» Exercise:
For these records, count the lines containing the word "Vila" and respond with the number alone.

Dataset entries
Content starts
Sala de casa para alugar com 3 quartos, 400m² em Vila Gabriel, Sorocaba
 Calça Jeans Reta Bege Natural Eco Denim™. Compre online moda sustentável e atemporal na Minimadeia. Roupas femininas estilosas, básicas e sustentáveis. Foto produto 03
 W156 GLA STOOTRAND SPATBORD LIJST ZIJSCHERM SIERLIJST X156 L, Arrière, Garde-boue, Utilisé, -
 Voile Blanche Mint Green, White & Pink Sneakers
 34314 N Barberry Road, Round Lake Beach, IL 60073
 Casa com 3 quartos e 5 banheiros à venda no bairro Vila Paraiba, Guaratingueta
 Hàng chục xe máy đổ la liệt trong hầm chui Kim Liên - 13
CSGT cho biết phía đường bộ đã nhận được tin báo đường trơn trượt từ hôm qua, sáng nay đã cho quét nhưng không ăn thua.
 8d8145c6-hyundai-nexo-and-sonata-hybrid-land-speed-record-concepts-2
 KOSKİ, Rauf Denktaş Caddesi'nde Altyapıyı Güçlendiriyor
Content ends
» Response area:
2